### Assigned task
From the line containing "Dynamisch abstract schilderij" down to the last line of the listing, quote everything word for word, and nothing else, keeping pictures out.

### Data supplied
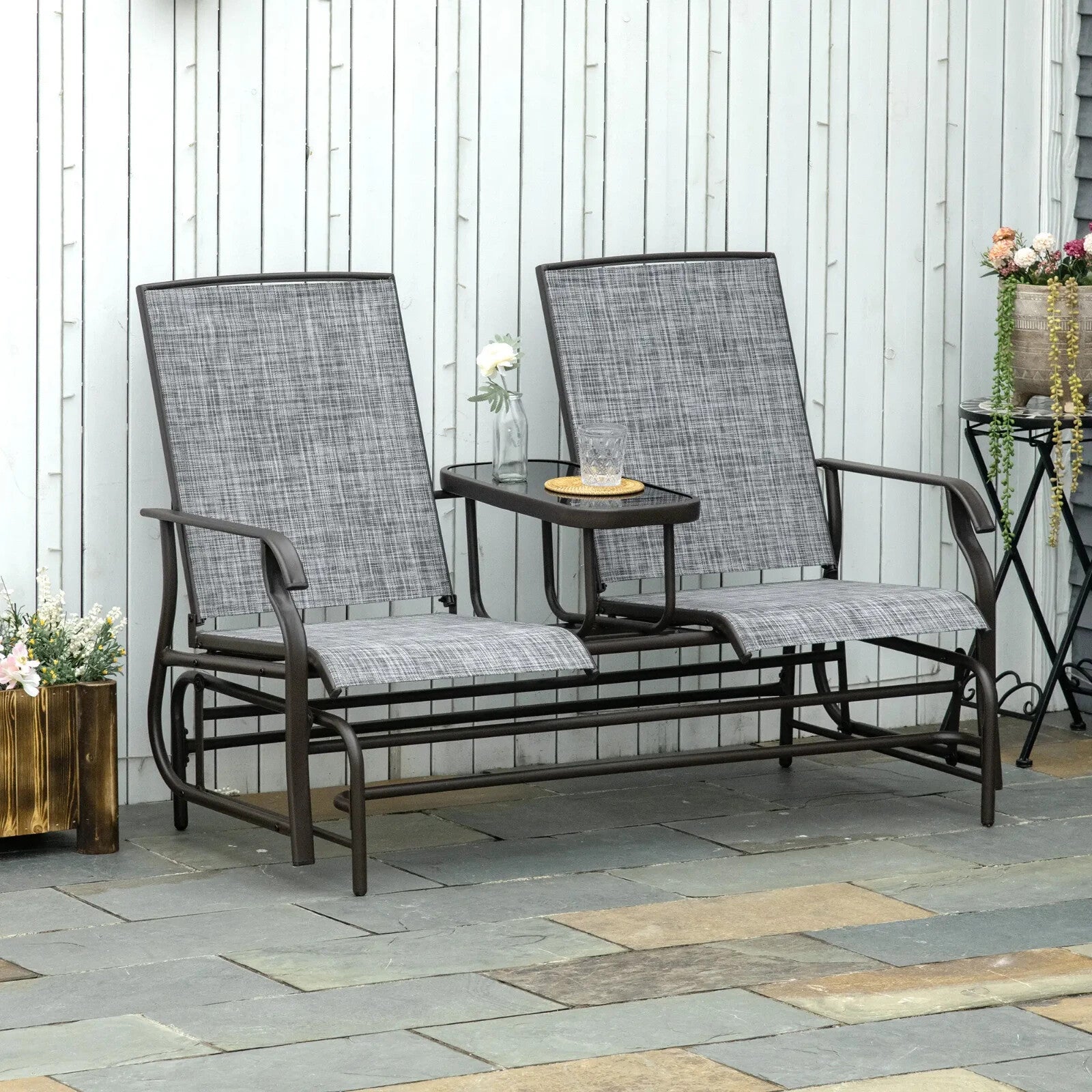 Metal Double Swing Chair Rocking Glider with Table Garden Porch Outdoor Seater - Home and Garden Furniture Shop - rustic - furniture
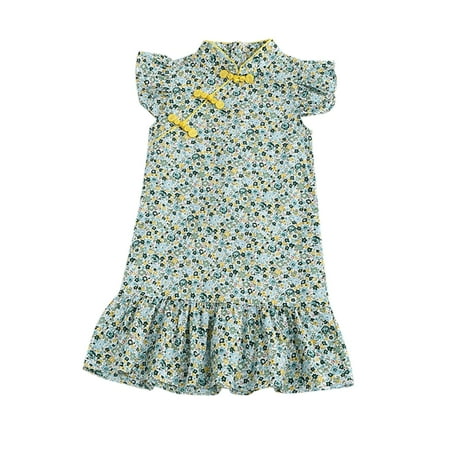 

Kids Toddler Baby Girls Dress Ruffled Sleeve Floral Print Cheongsam Princess Dress Outfits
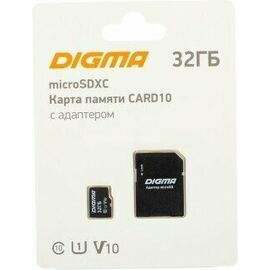 Карта памяти Digma Card10 (DGFCA032A01) microSDXC 32Gb Class10 + adapter 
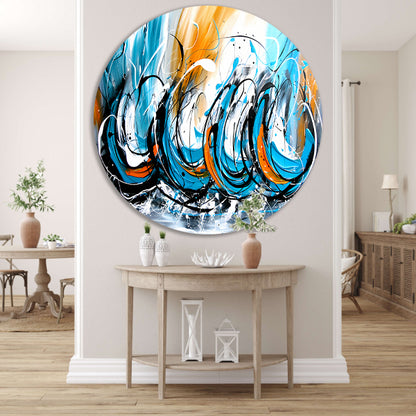 Dynamisch abstract schilderij met kleurcontrast aluminium muurcirkel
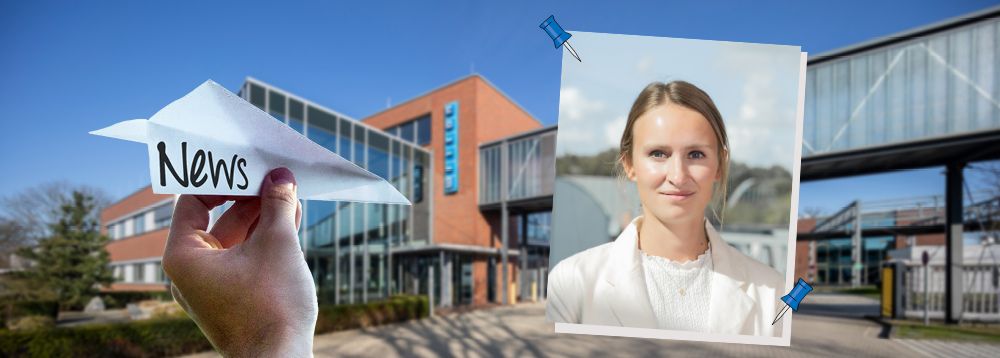 Pressemeldung_Weicon unterstuetzt mentale Gesundheit am Arbeitsplatz Collage von Weicon Gebäude im Sommer, ein Hand hat einen Papierflieger in der hat auf dem "News" steht, daneben ist ist Bild von Ann-Kathrin Weidling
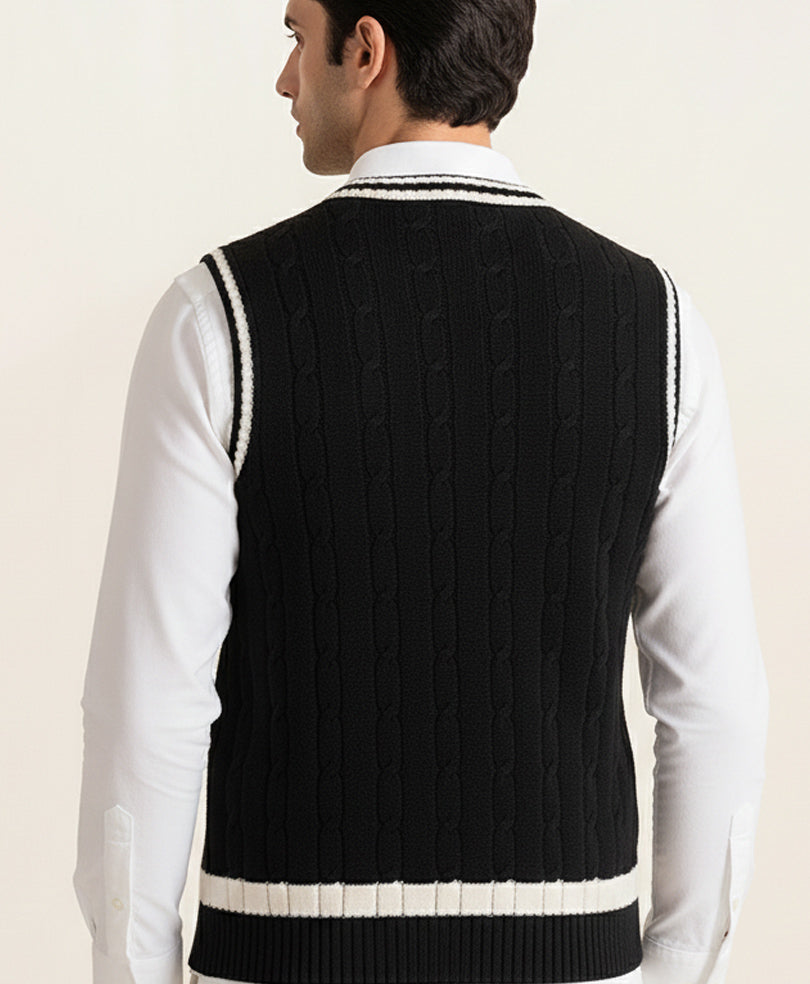 Black Cable Knit Sleeveles Sweater Evo Zone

### Answer to the problem
 Dynamisch abstract schilderij met kleurcontrast aluminium muurcirkel
 Pressemeldung_Weicon unterstuetzt mentale Gesundheit am Arbeitsplatz Collage von Weicon Gebäude im Sommer, ein Hand hat einen Papierflieger in der hat auf dem "News" steht, daneben ist ist Bild von Ann-Kathrin Weidling
 Black Cable Knit Sleeveles Sweater Evo Zone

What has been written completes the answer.